Bei der Stimmabgabe von Heinz-Christian Strache am Freitag im dritten Wiener Gemeindebezirk ist es zu einer Störaktion von Anhängern der Partei Links gekommen. 

Während der Spitzenkandidat des Team HC Strache sich im Anschluss an die Abgabe seiner Wahlkarte gegenüber Medien äußerte, machte die Personengruppe mit Rufen und Plakaten auf sich aufmerksam. "HC in Häfn, Links ins Rathaus", lautete ihre die Nachricht.

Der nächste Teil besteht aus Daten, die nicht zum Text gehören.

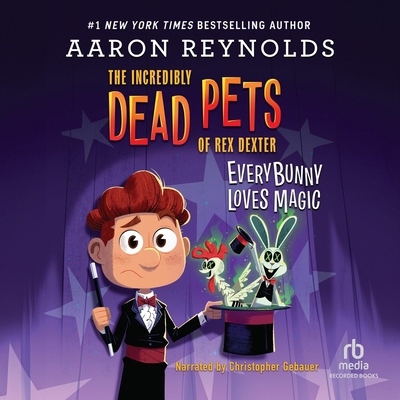 Everybunny Loves Magic B0BLR6W5D2 Book Cover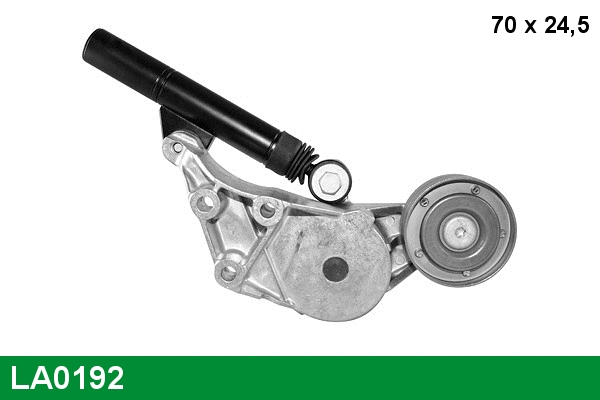Belt Tensioner, V-ribbed belt (LA0192)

Straches Kommentar dazu: "Die Art und Weise, wie sie sich darstellen, ist genau das, was Kommunisten ausmacht." Er bezeichnete die Demonstranten als "Gesinnungsterroristen", die politische Gegner am liebsten einsperren würden. Kurz darauf wurde die kleine Demonstration durch die Polizei aufgelöst.

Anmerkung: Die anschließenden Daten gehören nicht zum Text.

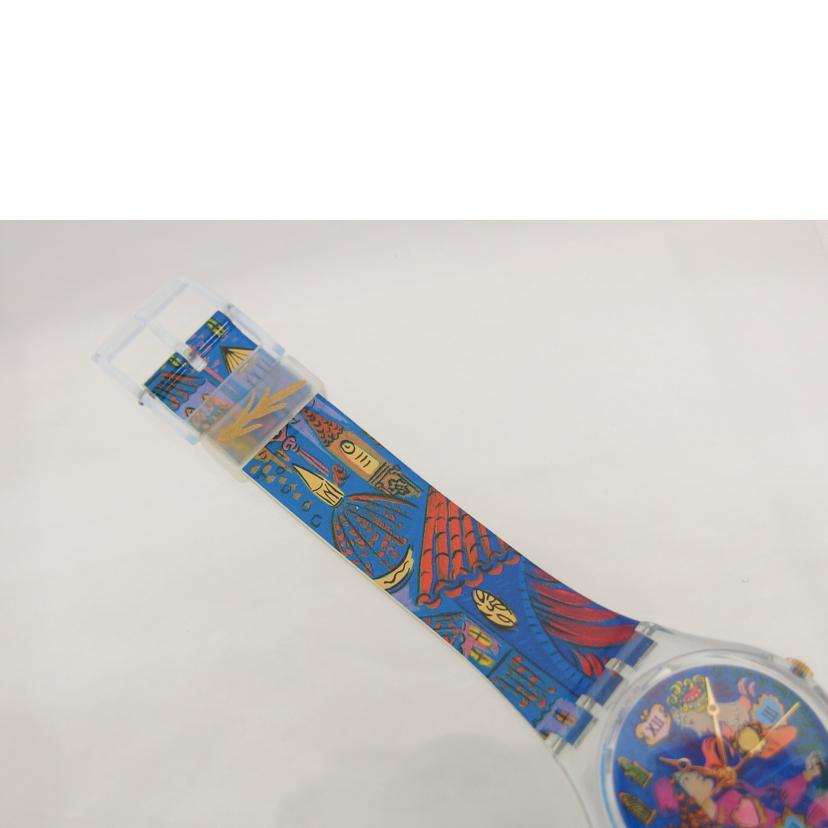 ｓｗａｔｃｈ スウォッチ/ロミオ＆ジュリエット／クォーツ／ヴィンテージ//Aランク/04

Strache warnte bei seinem Auftritt außerdem einmal mehr vor dem politischen Islam und wetterte gegen die "katastrophalen" Corona-Maßnahmen der Bundesregierung. Er hofft auf ein zweistelliges Ergebnis für seine Liste, also für eine "starke rot-weiß-rote Koalition", wie er sagte. 

"Wir haben mit einem Minimalbudget den Wahlkampf möglich
gemacht", versicherte der Ex-FPÖ-Chef und betonte, dass er nur mehrere hunderttausend Euro zur Verfügung hatte, während andere Parteien ein Vielfaches davon ausgegeben hätten. Trotz des vergleichbar kleinen Budgets seien Erfolge sichtbar. "Bei uns haben die Menschen gespürt, bei uns ist eine Bürgerbewegung da, die für die Rechte der Bürger eintritt", sagte er.

Strache rechnet mit zweistelligem Ergebnis

Danach teilte Strache gegen die amtierende Wiener Stadtregierung aus, die dem radikal politischen Islam den roten Teppich ausrollen würde. Sein Rat an Abdelati Krimi - den Kandidaten der Grünen, der unlängst in einem arabischsprachigen Interview das österreichische Eherecht kritisiert hat - sei zudem klar: "Da wird er noch zu lernen haben, dass das österreichische Recht vor der Scharia steht", sagte Strache.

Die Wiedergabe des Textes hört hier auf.